To prove: ∠PQR = 90°

Proof:

We have, PN.NR = QN² 

PN.NR = QN.QN

So,

PN/QN = QN/NR 

Also, 

∠PNQ = ∠RNQ  [each equal to 90°]

∆QNP ~ ∆RNQ   [by SAS similarity criterion]

So we can say, ∆QNP and ∆RNQ are equiangular.

∠PQN = ∠QRN

∠RQN = ∠QPN

On adding both sides,

∠PQN + ∠RQN = ∠QRN + ∠QPN

∠PQR = ∠QRN + ∠QPN  ...(ii)

We have, sum of angles of a triangle is 180°

In ∆PQR,

∠PQR + ∠QPR + ∠QRP = 180°

⇒ ∠PQR + ∠QPN + ∠QRN = 180°  [ ∵∠QPR = ∠QPN and ∠QRP = ∠QRN]

∠PQR + ∠PQR = 180°  [using Eq. (ii)]

⇒ 2∠PQR = 180°

⇒ ∠PQR = 90°

Hence proved.

12. Areas of two similar triangles are  36 cm²  and 100 cm²  . If the length of a side of the larger triangle is 20 cm, find the length of the corresponding side of the smaller triangle.

Solution

We have,

Area of smaller triangle = 36 cm²  

Area of larger triangle = 100 cm²  

And, length of a side of the larger triangle = 20 cm

Let length of the corresponding side of the smaller triangle = x cm

By property of area of similar triangles,

ar(larger triangle)/ar(smaller triangle) = (side of larger triangle)²/(side of smaller triangle)²  

⇒ 100/36 = 20²/x²  
⇒ x = 12 cm 

13. In the given fig., if ∠ACB = ∠CDA, AC = 8 cm and AD = 3 cm, find BD. 

Solution

We have,

AC = 8 cm,

AD = 3 cm

∠ACB = ∠CDA

In ∆ACD and ∆ABC,

∠A = ∠A  [Common angle]

∠ADC = ∠ACB  [Given]

So,

∆ADC ~ ∆ACB  [By AA similarity criterion]
AC/AD = AB/AC
⇒ 8/3 = AB/8 
⇒ AB = 64/3 cm 
Also, 
AB = BD + AD 
⇒ 64/3 = BD + 3 
⇒ BD = 55/3 cm 

14. A 15 meters high tower casts a shadow 24 meters long at a certain time and at the same time, a telephone pole casts a shadow 16 meters long. Find the height of the telephone pole.

Solution

Taking BC = 15 m be the tower and its shadow AB is 24 m.

Let ∠CAB = θ.

Again, let EF = h be a telephone pole and its shadow DE = 16 m.
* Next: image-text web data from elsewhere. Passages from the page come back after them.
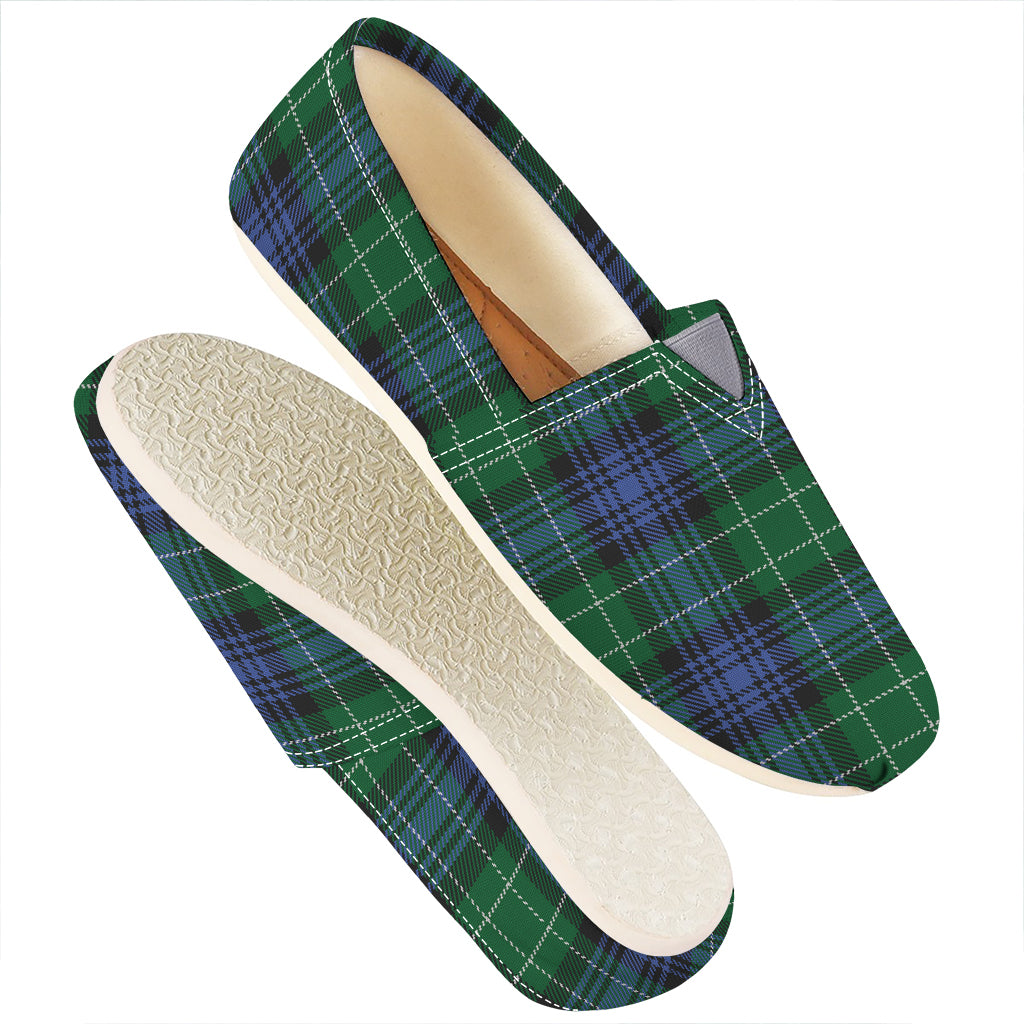 Knitted Scottish Plaid Print Casual Shoes
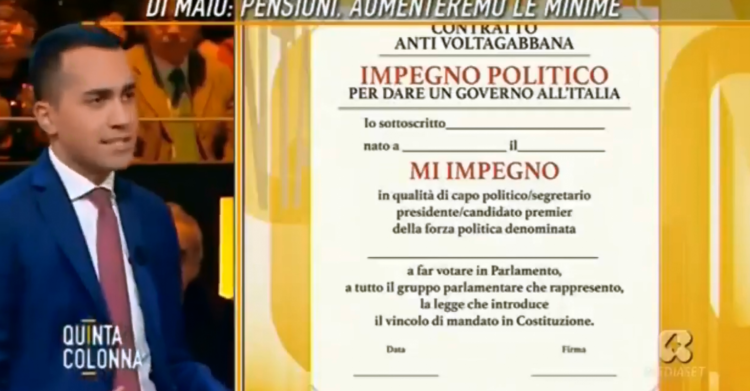 luigi di maio voltagabbana quinta colonna - 1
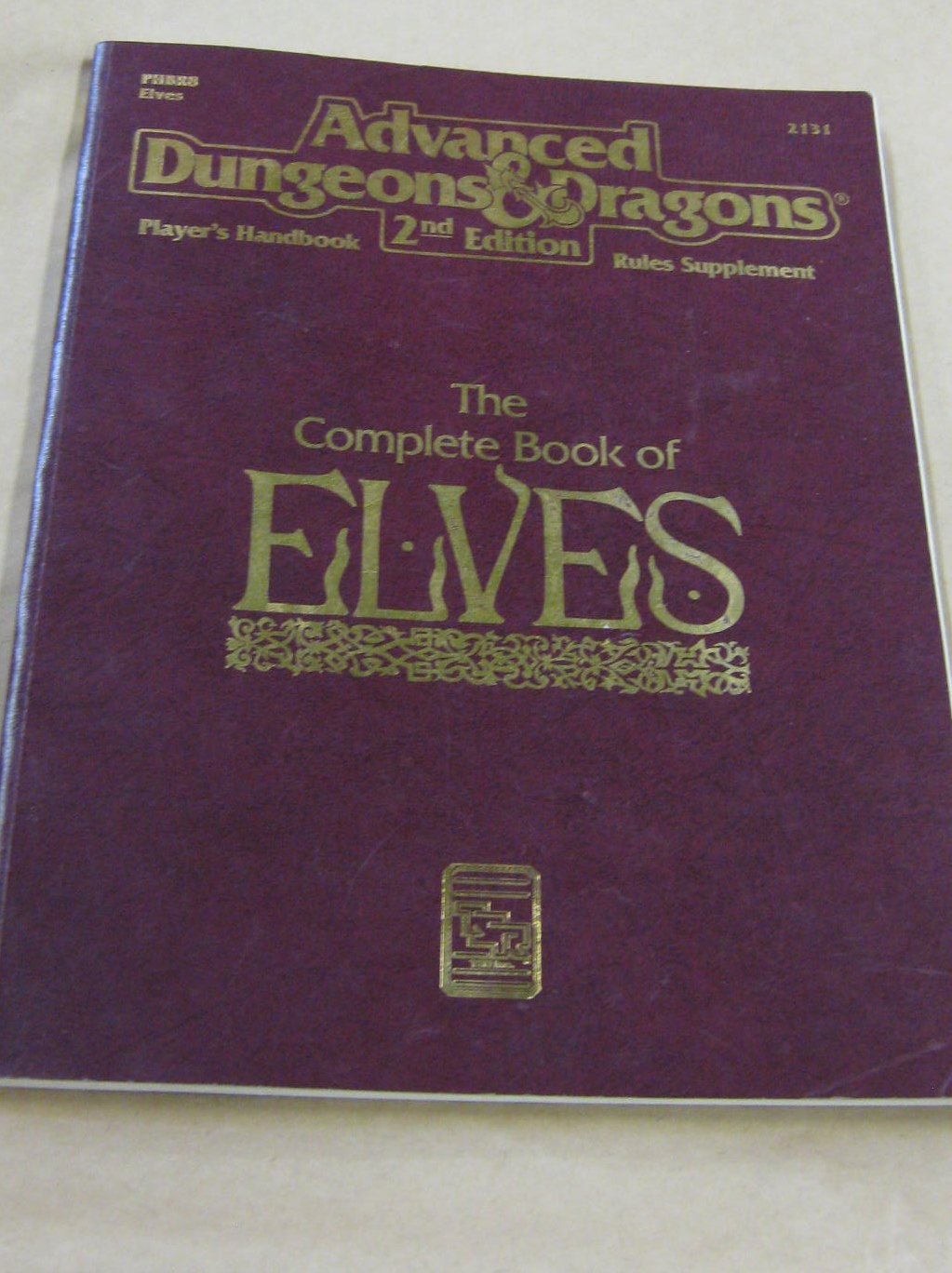 The Complete Book Of Elves (Advanced Dungeons & Dragons, Player'S Handbook Rules Supplement #2131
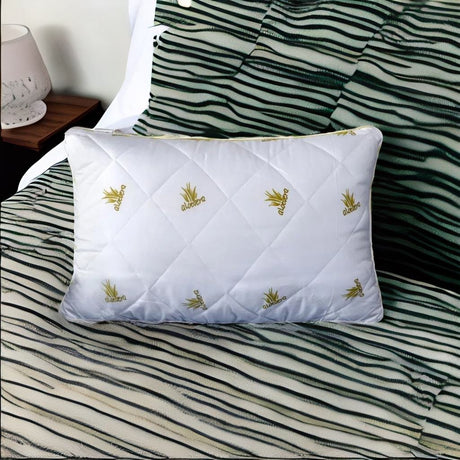 Nilkamal Aloevera Quilted Pillow (White)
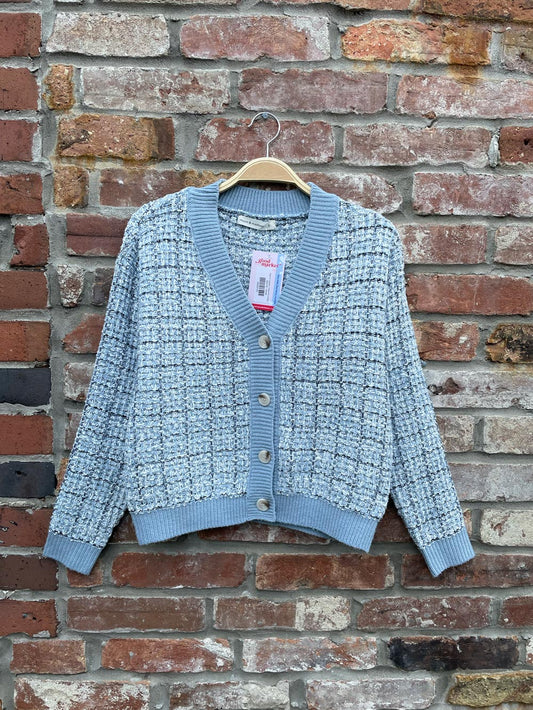 moon & madison tweed knit cardigan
At the same time ∠EDF = θ.

∆ABC and ∆DEF both are right angled triangles.

In ∆ABC and ∆DEF

∠CAB = ∠EDF

∠B = ∠E
So by AA rule, 

∆ABC～∆DEF
AB/DE = BC/EF
⇒ 24/16 = 15/h
⇒ h = 10 
Hence, the height of the point on he wall where the top of the ladder reaches is 8 m. 

15. Foot of a 10 m long ladder leaning against a vertical wall is 6 m away from the base of the wall. Find the height of the point on the wall where the top of the ladder reaches.

Solution

Let AB be a vertical wall and AC = 10 m is a ladder.
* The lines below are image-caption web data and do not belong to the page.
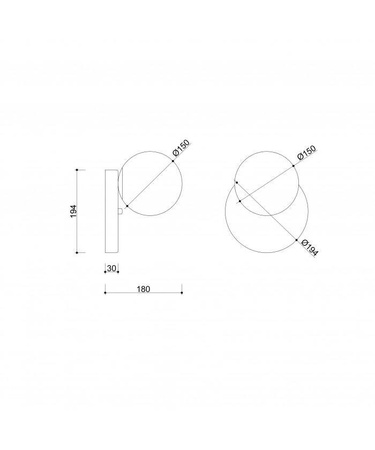 Kinkiet REFA A Kol. Czarny (RFA12000) - Ummo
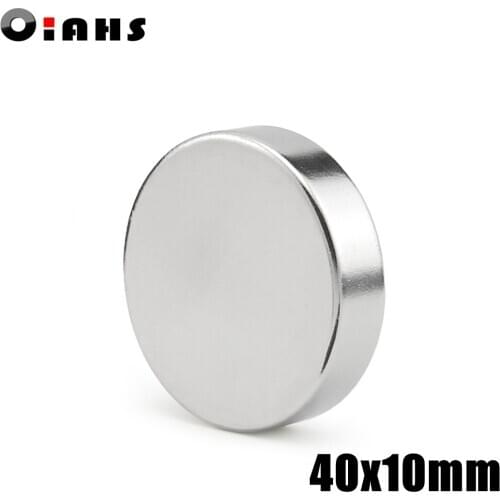 1pcs 40x10mm Super Powerful Strong Bulk Small Round NdFeB Neodymium Disc Magnets Dia 40mm x 10mm N35 Rare Earth NdFeB Magnet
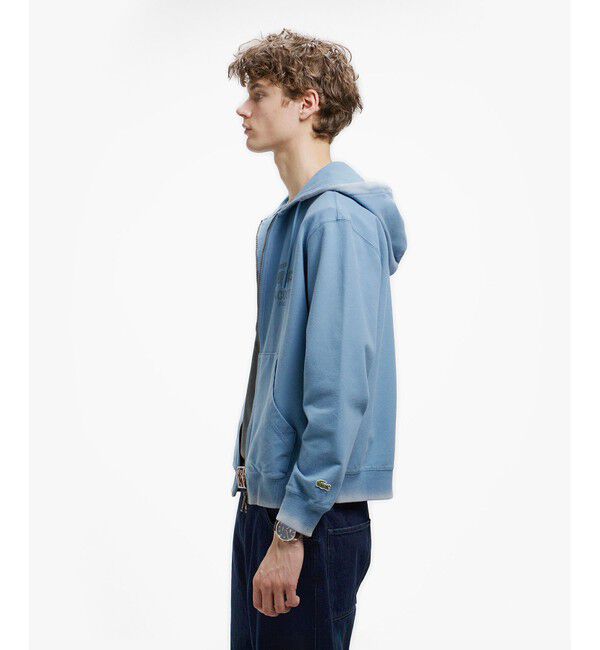 LACOSTE「ヴィンテージエフェクト ロゴジップフーディー」|パーカー|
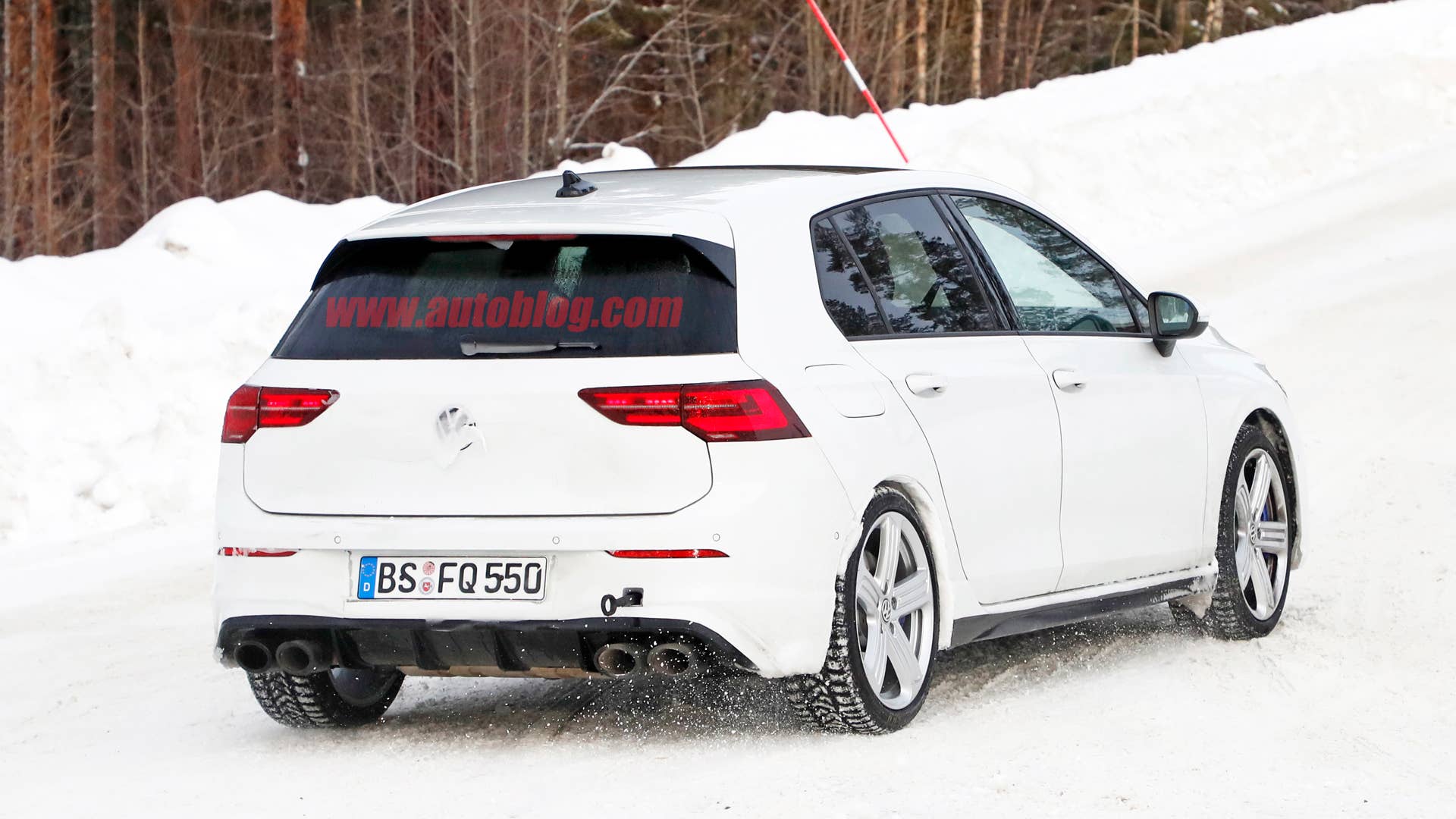 VW Golf R prototype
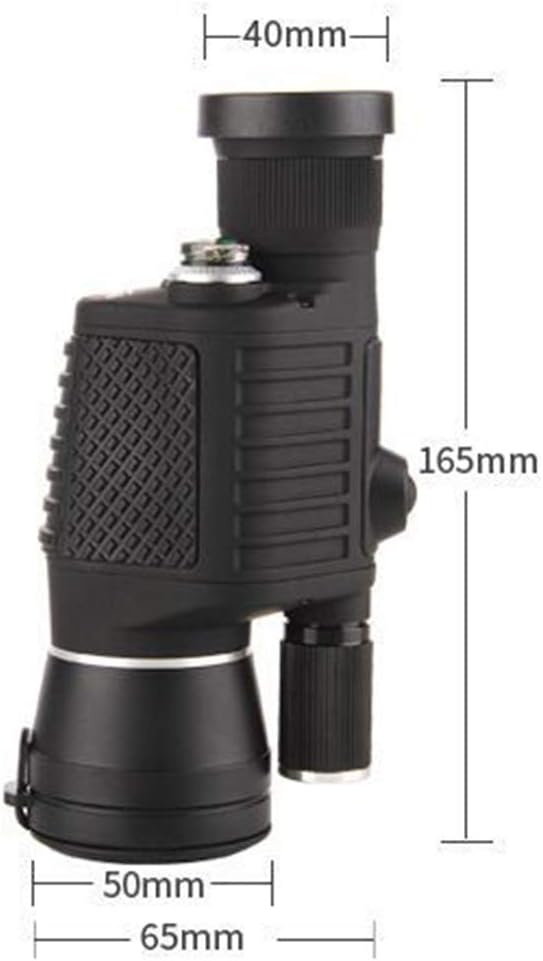 3-in-1 Waterproof Monocular Telescope with Night Vision, Built-in Compass & LED Light, Perfect for Outdoor Hunting, Travel, Camping & Wildlife Observation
The top of the ladder reached to A and distance of ladder from the base of the wall BC is 6 m.
In right angled ∆ABC 
AC²  = AB²  + BC²  
⇒ (10)²  = AB²  + (6)²  
⇒ 100 = AB²  + 36 
⇒ AB²  = 100 - 36 = 64 
⇒ AB = 8 m 
Therefore, the height of the point on the wall where the top of  the ladder reaches is 8 m.